◆ TASK OBJECTIVE:
All of the lines below are to be transcribed faithfully, with pictures excluded from the copy.

◆ DATA EXTRACT:
---

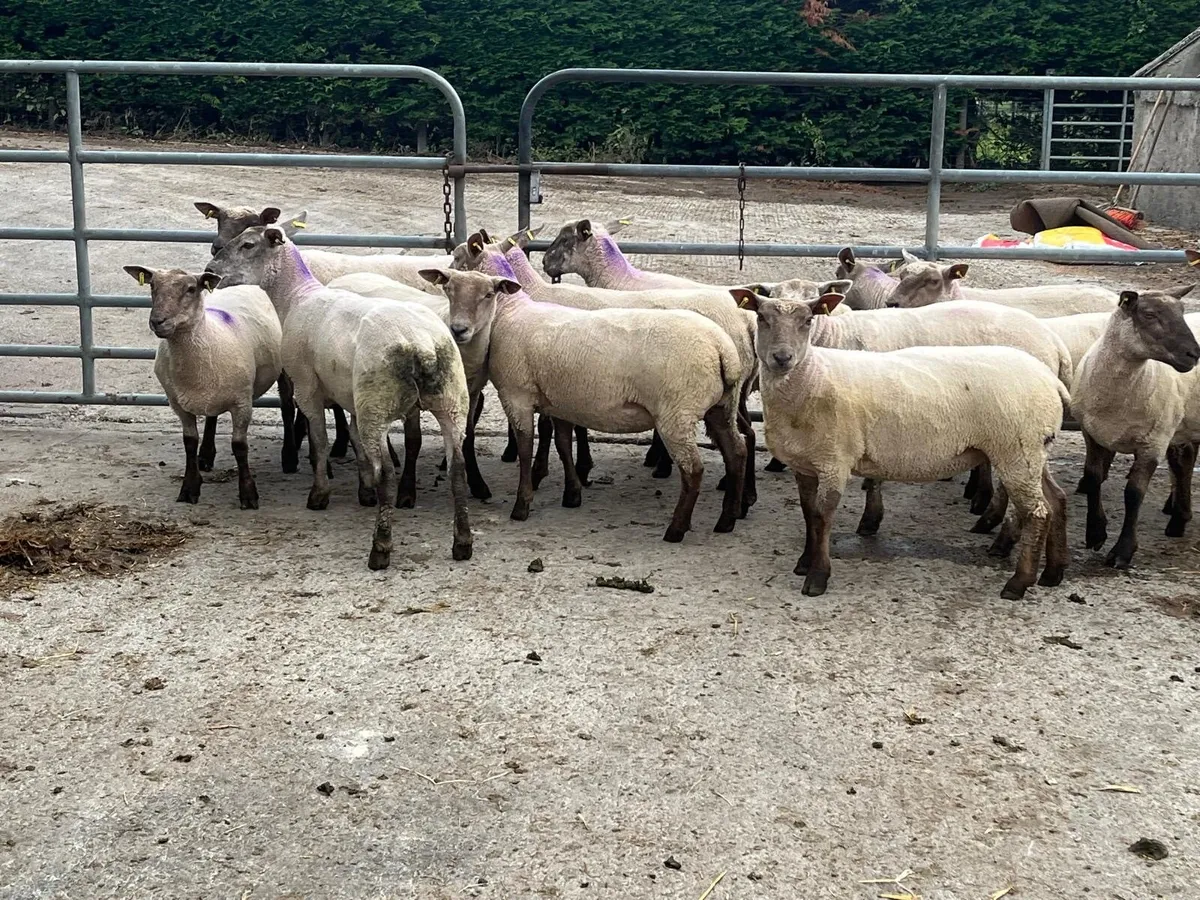 14 Super hoggets ready for the ram - Image 1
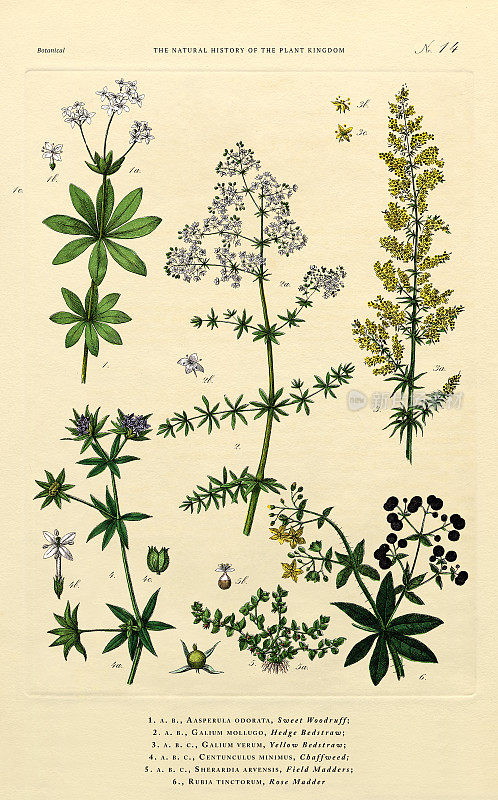 《植物王国的历史》，维多利亚植物插图，14版，大约1853年
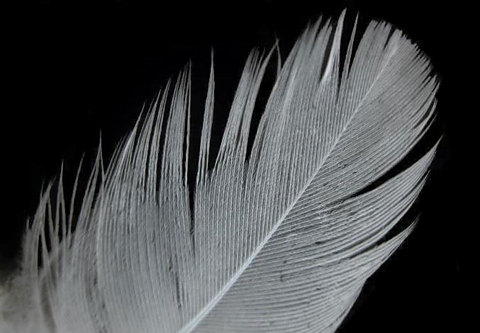 A white feather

---

◆ COMPLETED EXERCISE:
 14 Super hoggets ready for the ram - Image 1
 《植物王国的历史》，维多利亚植物插图，14版，大约1853年
 A white feather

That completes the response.